─── SOURCE DATA ───

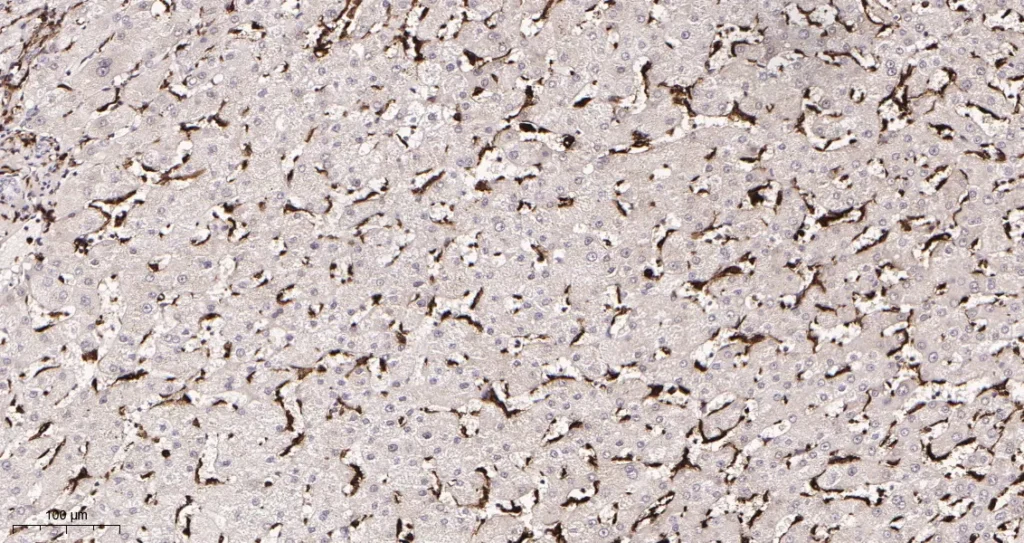 Immunohistochemical analysis of paraffin-embedded Human liver tissue. 1, Iba1 Rabbit Monoclonal Antibody was diluted at 1:200(4°C,overnight). 2, EDTA pH 9.0 was used for antibody retrieval(>98°C,20min). 3,Secondary antibody was diluted at 1:200(room temperature, 30min).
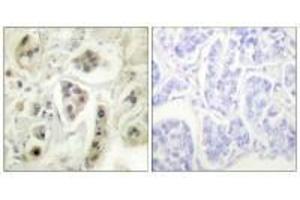 Immunohistochemical analysis of paraffin-embedded human lung carcinoma tissue using HSP60 antibody. (HSPD1 抗体)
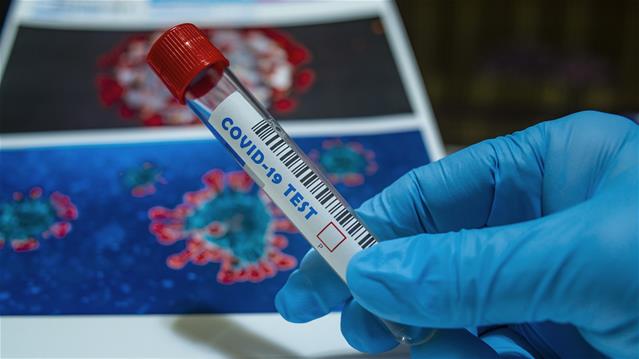 SA’s #Covid19 cases climb by 3000 for a second day | News Article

───

> **WHAT TO WORK ON**:
Could you transcribe the material above exactly, keeping every picture out?

> **RESPONSE BELOW**:
 Immunohistochemical analysis of paraffin-embedded Human liver tissue. 1, Iba1 Rabbit Monoclonal Antibody was diluted at 1:200(4°C,overnight). 2, EDTA pH 9.0 was used for antibody retrieval(>98°C,20min). 3,Secondary antibody was diluted at 1:200(room temperature, 30min).
 Immunohistochemical analysis of paraffin-embedded human lung carcinoma tissue using HSP60 antibody. (HSPD1 抗体)
 SA’s #Covid19 cases climb by 3000 for a second day | News Article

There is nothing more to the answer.